### Work to complete
Because only the text is wanted, repeat the records below exactly and omit the pictures.

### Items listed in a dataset
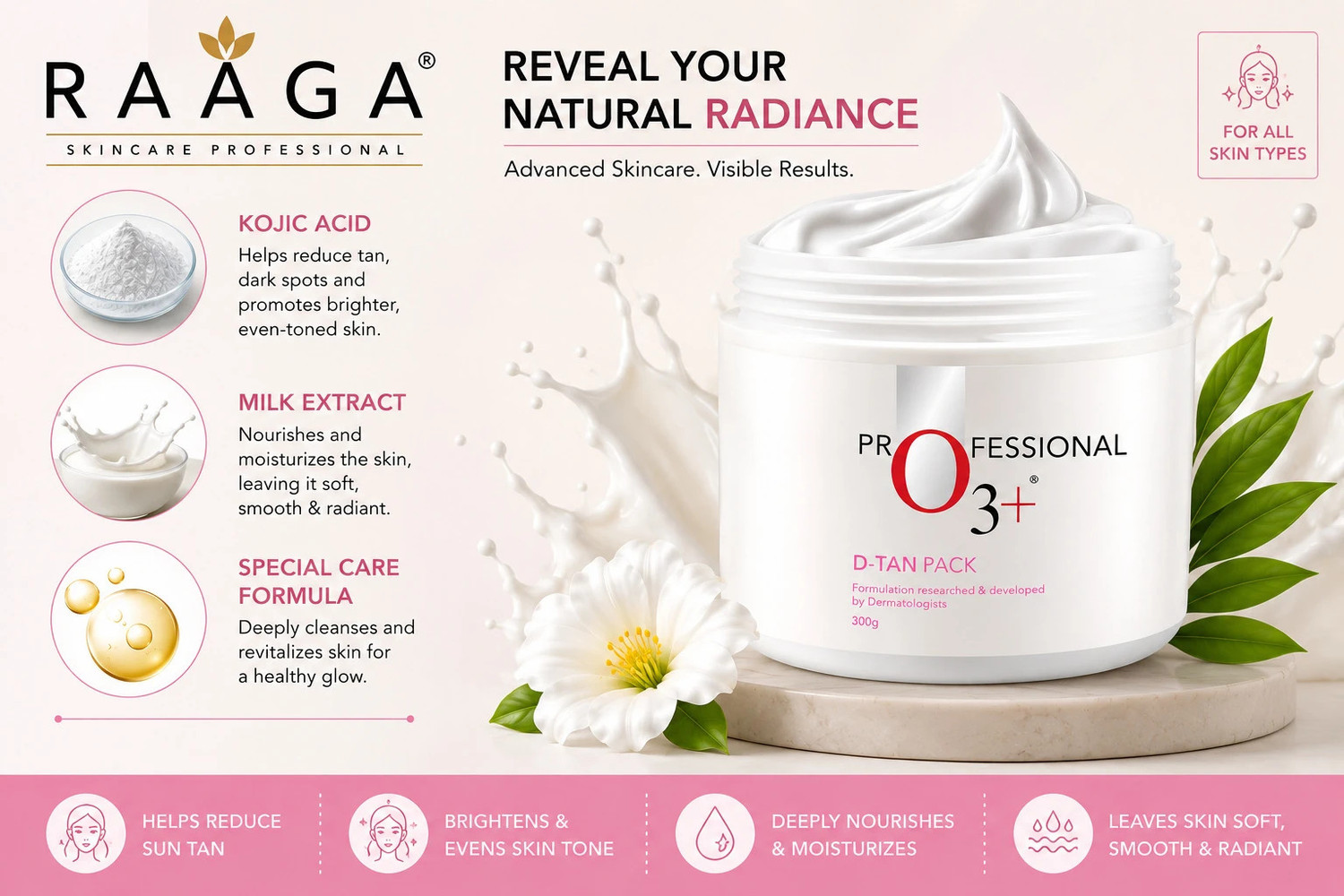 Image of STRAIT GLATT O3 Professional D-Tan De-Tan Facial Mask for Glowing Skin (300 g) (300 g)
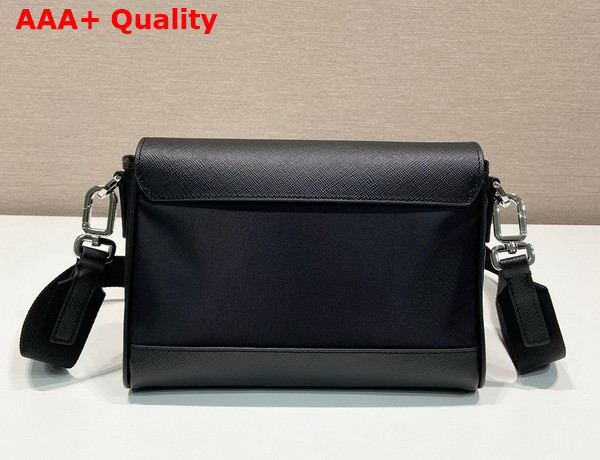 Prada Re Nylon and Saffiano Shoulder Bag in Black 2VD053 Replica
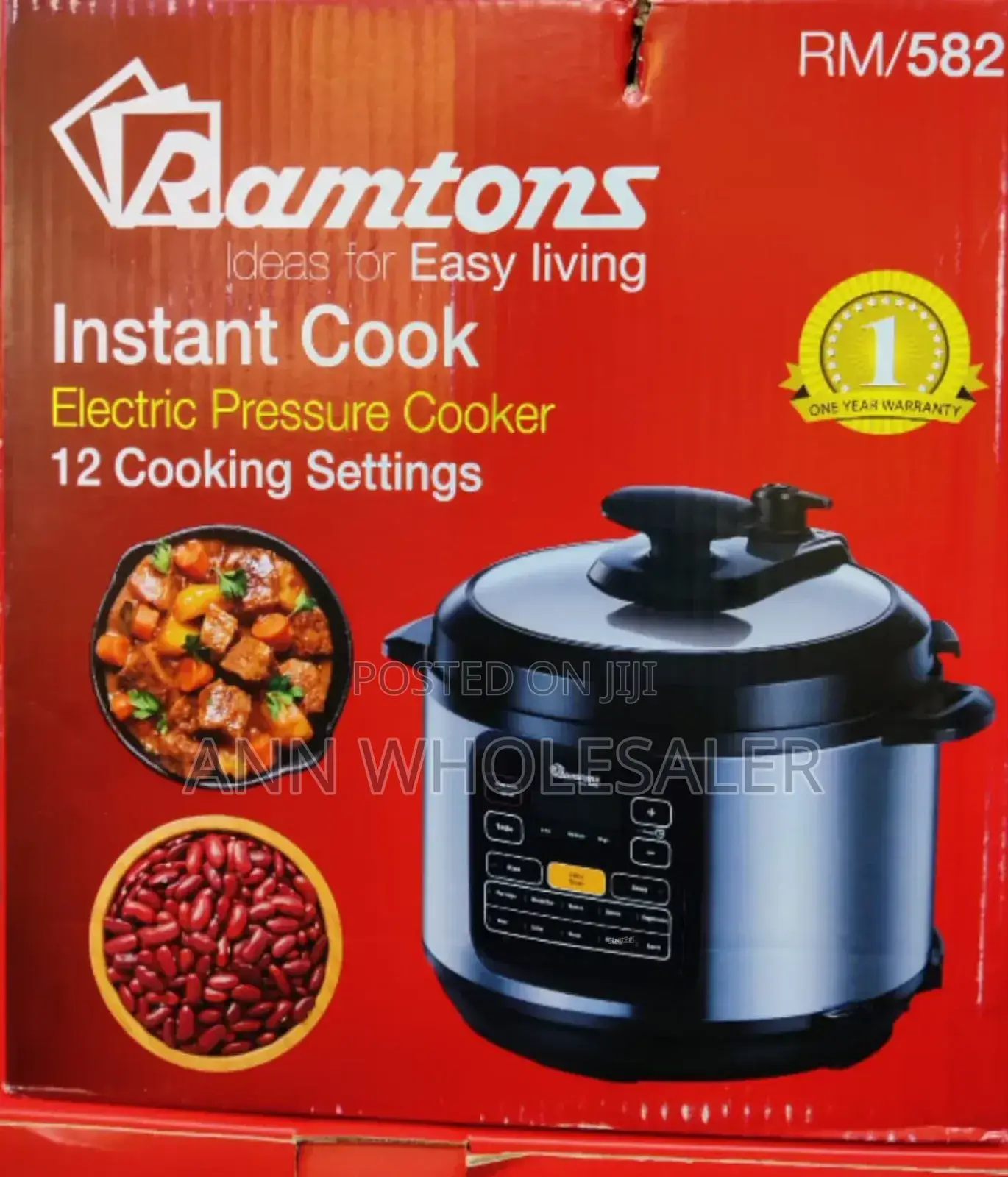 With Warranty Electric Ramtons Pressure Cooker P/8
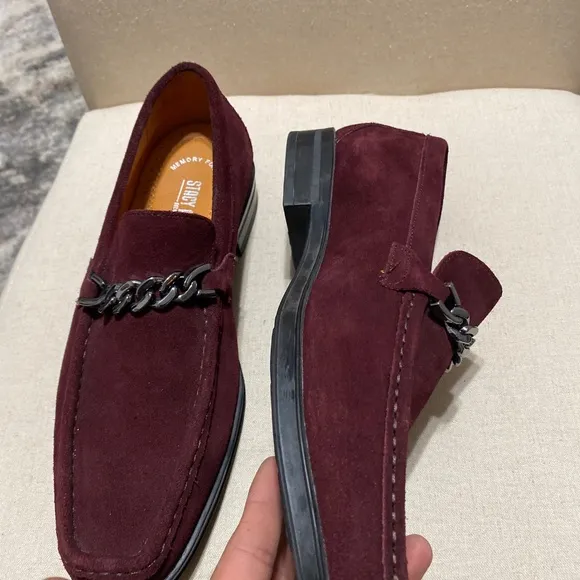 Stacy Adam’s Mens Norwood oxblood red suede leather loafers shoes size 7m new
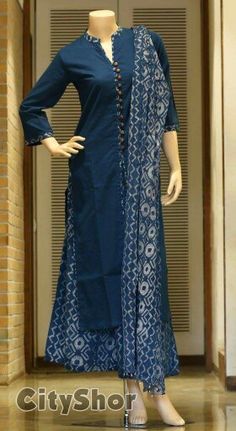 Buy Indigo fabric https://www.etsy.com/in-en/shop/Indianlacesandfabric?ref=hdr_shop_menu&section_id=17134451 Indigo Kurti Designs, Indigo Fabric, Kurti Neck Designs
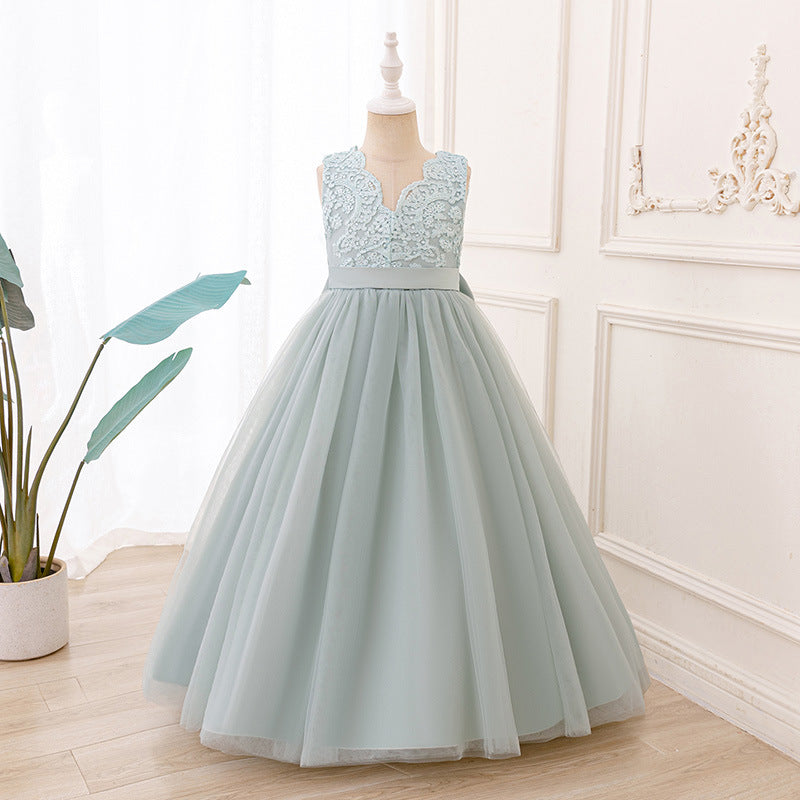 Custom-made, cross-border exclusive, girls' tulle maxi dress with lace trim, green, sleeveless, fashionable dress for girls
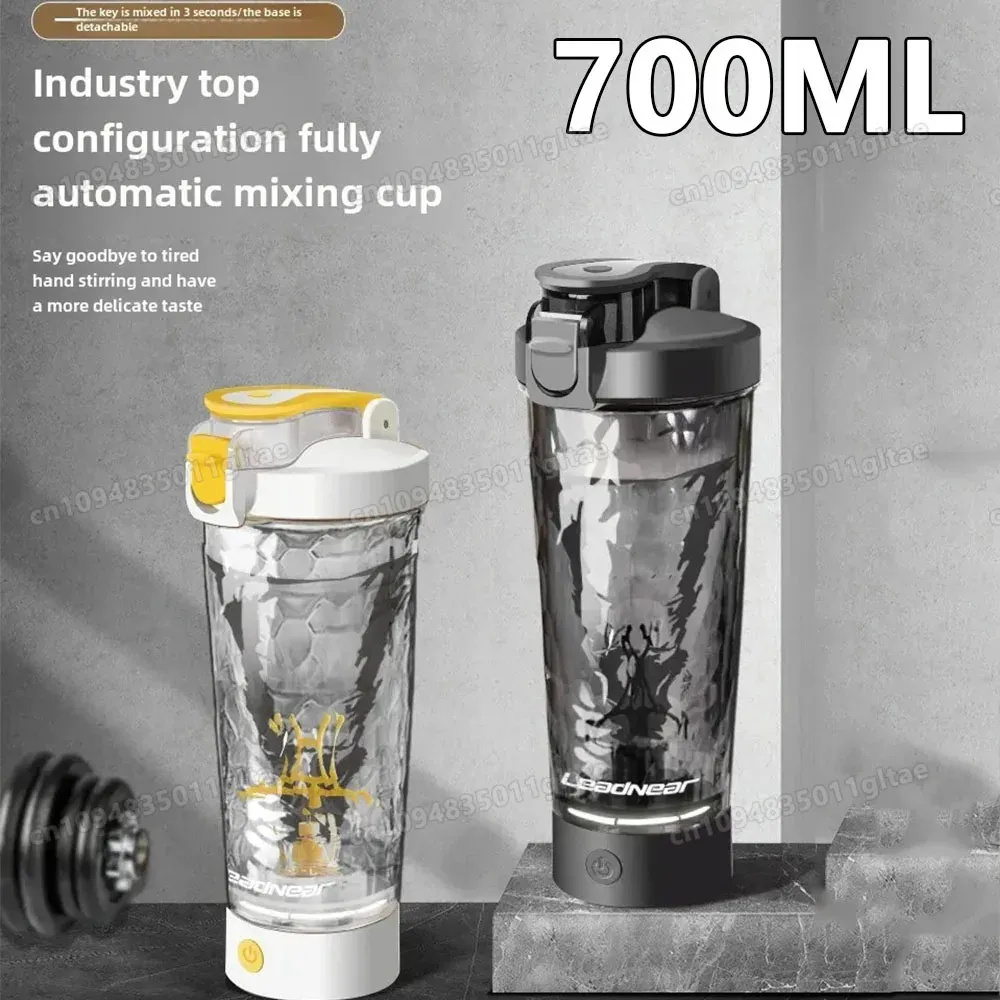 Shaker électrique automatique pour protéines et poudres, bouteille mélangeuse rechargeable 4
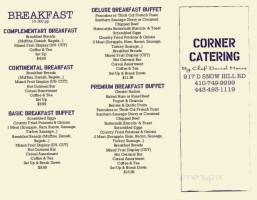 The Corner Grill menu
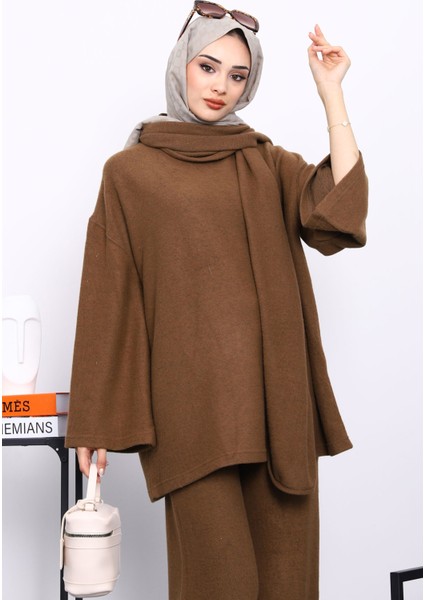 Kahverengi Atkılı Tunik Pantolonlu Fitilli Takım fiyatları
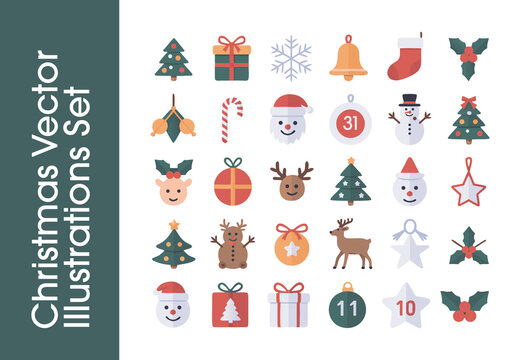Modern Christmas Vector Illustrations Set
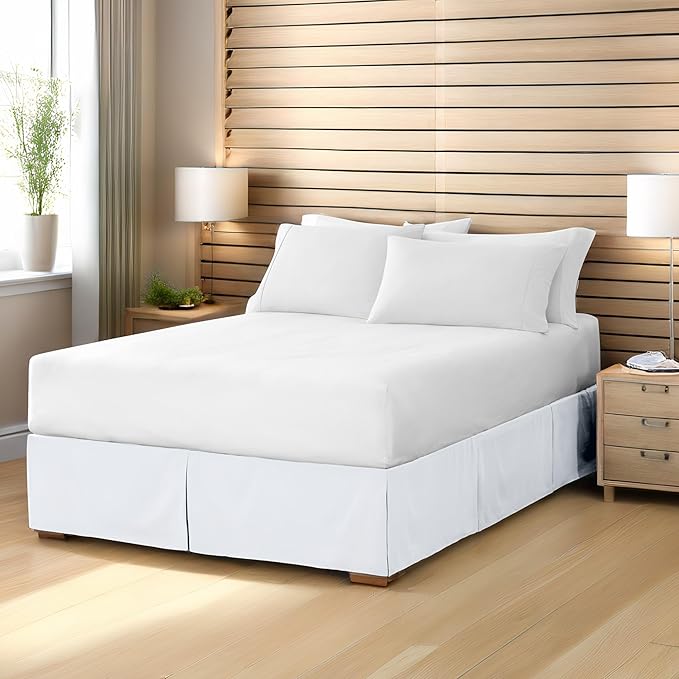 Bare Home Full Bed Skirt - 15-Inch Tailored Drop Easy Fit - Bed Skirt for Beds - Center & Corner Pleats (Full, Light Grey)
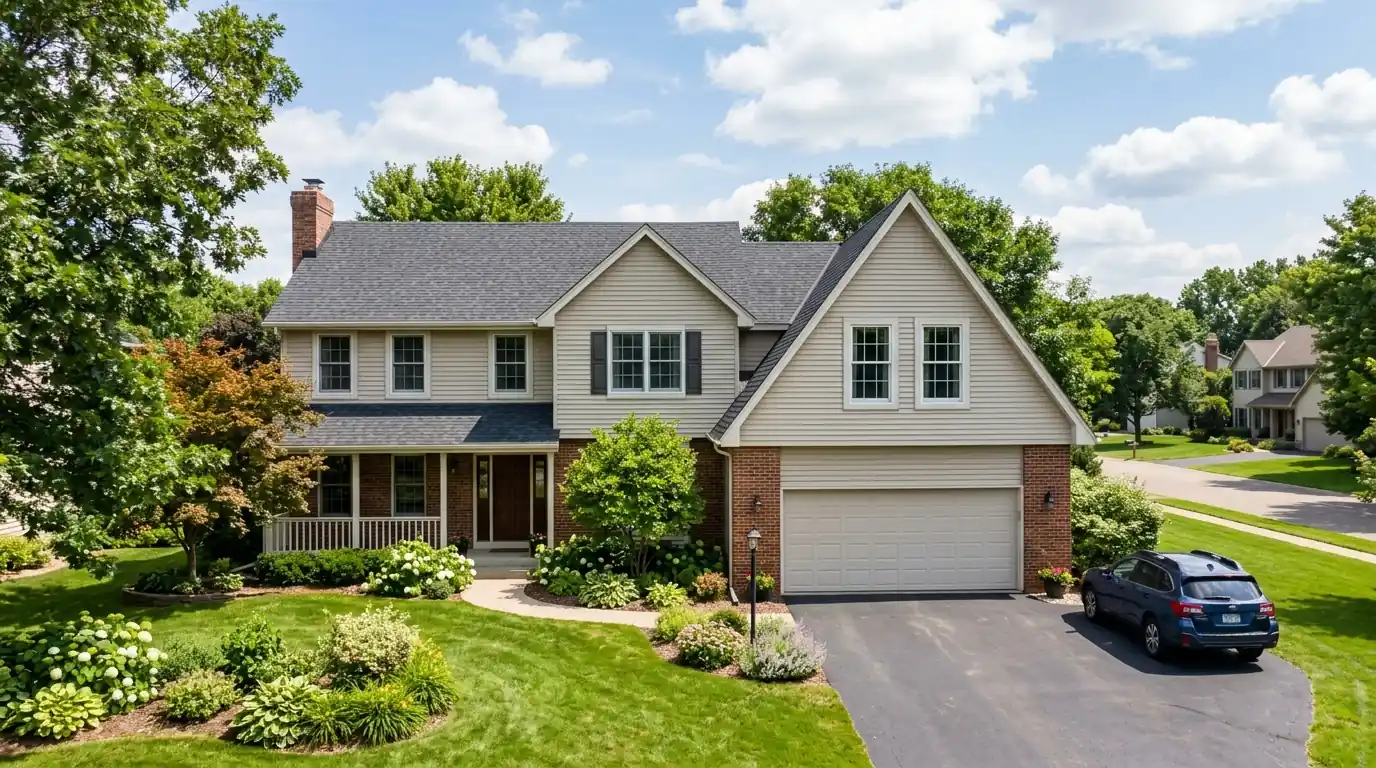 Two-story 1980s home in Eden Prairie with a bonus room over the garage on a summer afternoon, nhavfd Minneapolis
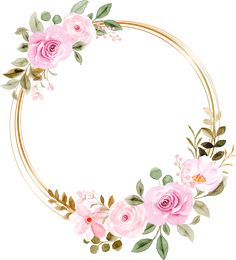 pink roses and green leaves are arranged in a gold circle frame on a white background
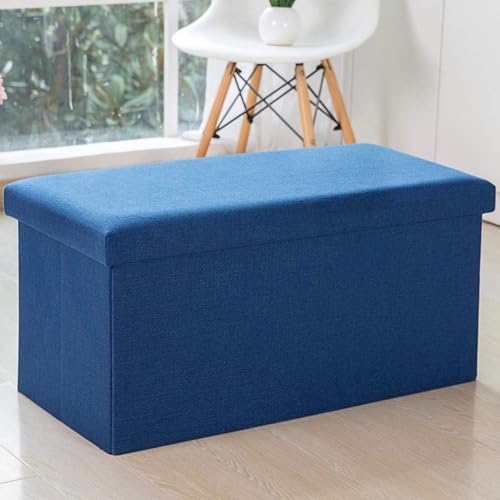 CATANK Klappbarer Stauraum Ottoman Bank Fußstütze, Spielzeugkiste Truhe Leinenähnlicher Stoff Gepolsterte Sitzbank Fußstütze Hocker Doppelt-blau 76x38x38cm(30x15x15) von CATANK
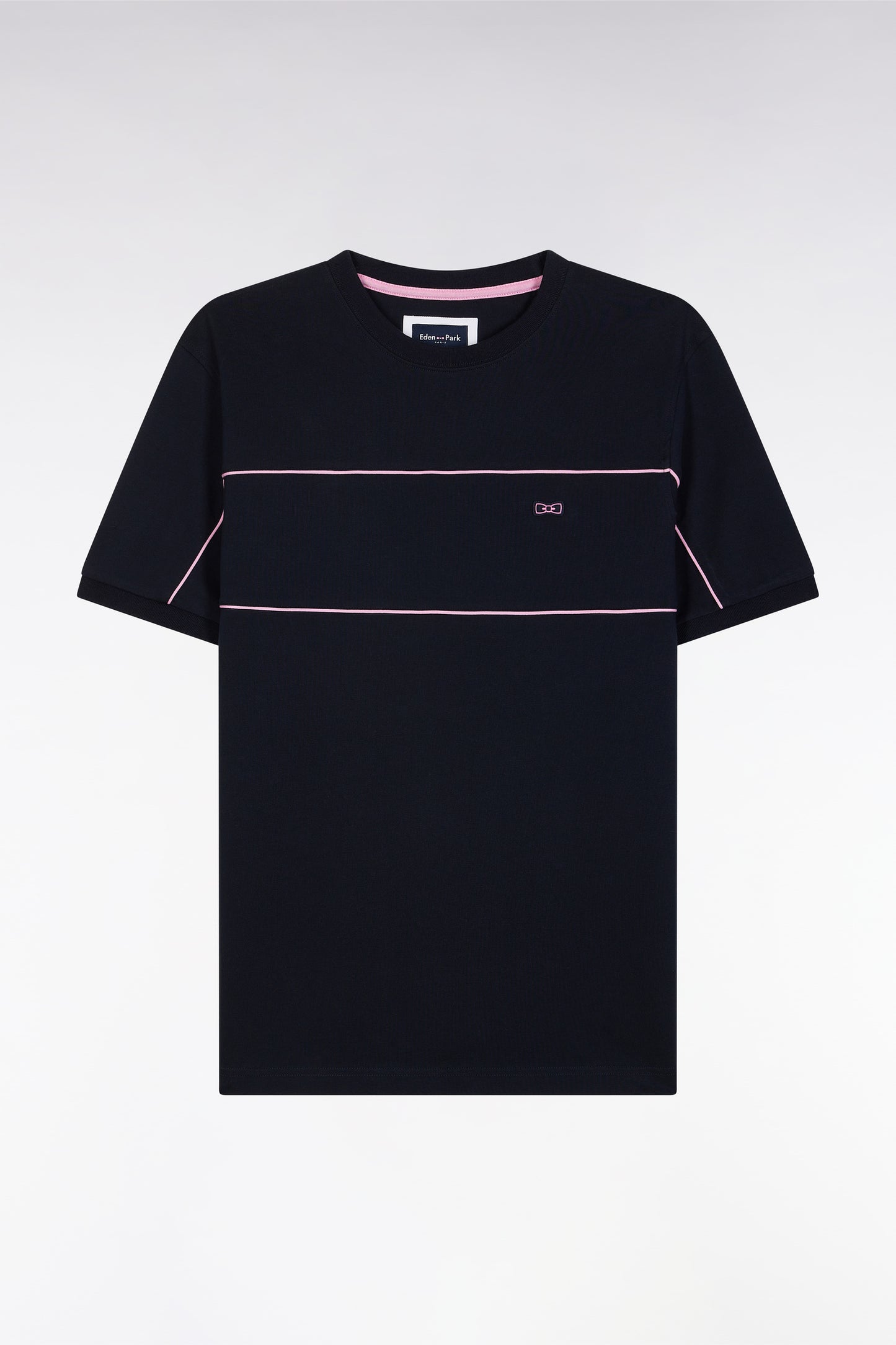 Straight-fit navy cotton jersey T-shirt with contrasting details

### Your solution
 Image of STRAIT GLATT O3 Professional D-Tan De-Tan Facial Mask for Glowing Skin (300 g) (300 g)
 Prada Re Nylon and Saffiano Shoulder Bag in Black 2VD053 Replica
 With Warranty Electric Ramtons Pressure Cooker P/8
 Stacy Adam’s Mens Norwood oxblood red suede leather loafers shoes size 7m new
 Buy Indigo fabric https://www.etsy.com/in-en/shop/Indianlacesandfabric?ref=hdr_shop_menu&section_id=17134451 Indigo Kurti Designs, Indigo Fabric, Kurti Neck Designs
 Custom-made, cross-border exclusive, girls' tulle maxi dress with lace trim, green, sleeveless, fashionable dress for girls
 Shaker électrique automatique pour protéines et poudres, bouteille mélangeuse rechargeable 4
 The Corner Grill menu
 Kahverengi Atkılı Tunik Pantolonlu Fitilli Takım fiyatları
Modern Christmas Vector Illustrations Set
 Bare Home Full Bed Skirt - 15-Inch Tailored Drop Easy Fit - Bed Skirt for Beds - Center & Corner Pleats (Full, Light Grey)
 Two-story 1980s home in Eden Prairie with a bonus room over the garage on a summer afternoon, nhavfd Minneapolis
 pink roses and green leaves are arranged in a gold circle frame on a white background
 CATANK Klappbarer Stauraum Ottoman Bank Fußstütze, Spielzeugkiste Truhe Leinenähnlicher Stoff Gepolsterte Sitzbank Fußstütze Hocker Doppelt-blau 76x38x38cm(30x15x15) von CATANK
 Straight-fit navy cotton jersey T-shirt with contrasting details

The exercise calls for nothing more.